We marched out. I thought about the soldier on the screen with daisies on his helmet.

My brother, Eddie. Could it have been?

Dear Grandpa,

Thanks for the letters you keep sending. I'm glad your garden is growing. I miss fishing with you, too.

I may have seen Eddie in the movies.

Love,

Meggie

P.S. You asked about the salad garden. I haven't quite started it yet.

Notes for Hot-O Soup:

When the war is over

1. … we'll have a party with fireworks that will light up all of Rockaway.

2. … I won't eat Spam for the rest of my life. I'll try Hot-O Soup instead.

3. … I'll put real butter on everything, even a lump in Hot-O Soup.

4. … I will never take anything I should pay for.

Chapter Ten

I lay sideways across the bed. “Here.” I tapped on the wall with my fingers.

“Right,” said a ghostly voice from the other side of the wall.

“Meggie?” Mom called from the kitchen. “Why don't you go outside and get some fresh air?”

“Nothing to do out there.”

Sawing sounds came from the other side; I picked up my knife and began to saw, too, until there was a tiny hole.

“Watch out.” Patches’ voice was clearer now. “You're going to stab me with that.”

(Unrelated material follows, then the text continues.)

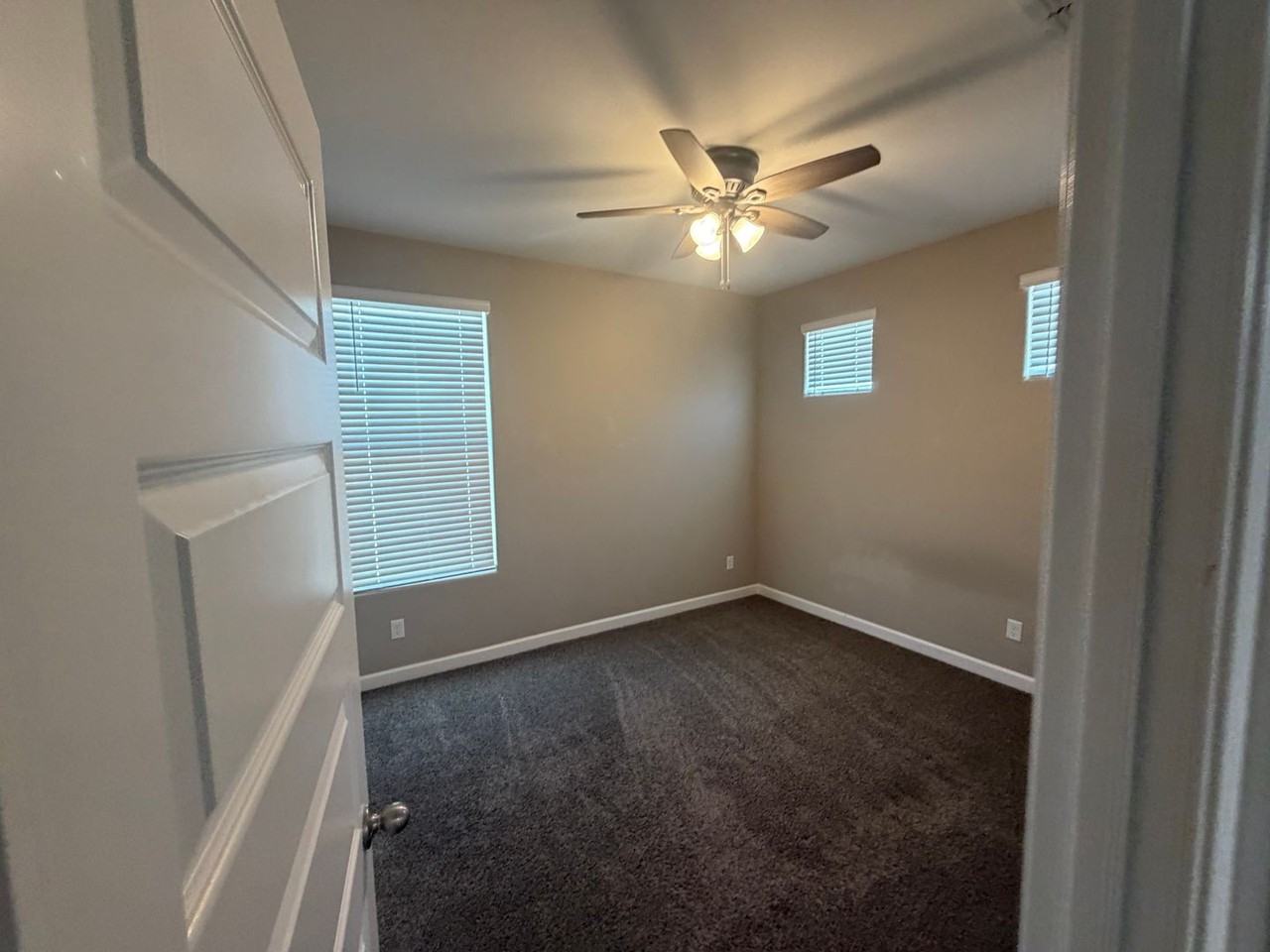 40946 W Hillman Dr - Photo 2 of 26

“It's just a butter knife from the kitchen. It doesn't even cut butter.” I leaned back. It might not cut butter, but
plaster was crumbling, the hole growing, and light beamed through from the other side. “Enough,” I told her. “You don't want the whole wall to fall down.”

Laughing, she stuck her finger through the hole and wiggled it around like a pale snake.

“Let me see,” I said.

She pulled her finger away and I peered through into her bedroom. It was exactly the same as mine but there wasn't as much stuff thrown around; her new brown school shoes were on the table next to her bed.

She leaned forward until I could see the flecks of green in her brown eyes. “This is going to be terrific,” she said. “We don't have to yell one bit, we can talk all night long if we want.”

Mom's footsteps tapped down the hallway, and I rolled off the bed, glancing back over my shoulder to be sure she couldn't see the hole.

“It's dark in here. Miserable.” Mom dumped a pile of clean underwear on my bed. “I want you to go outside, make some friends.
Do something
.”

I wondered if she could hear Patches breathing. “All right.” I shoved the underwear under the bed so Patches wouldn't see it. “I have to mail letters anyway.”

I skipped out the door, hearing Mom sigh, “I just washed all that.”

As I went down the street I looked back; there was a blue star in Ronnelle's window for her husband, and one in
ours for Eddie. I saw Patches coming as I turned the corner. I waved a pile of envelopes at her: a letter to Grandpa, four Hot-O Soup entries, and a quick twenty-five-words-or-less contest I had entered…
Why I Like Sparkling Blue
.

Just then a ball whizzed by me so fast I could feel the breeze lift my hair.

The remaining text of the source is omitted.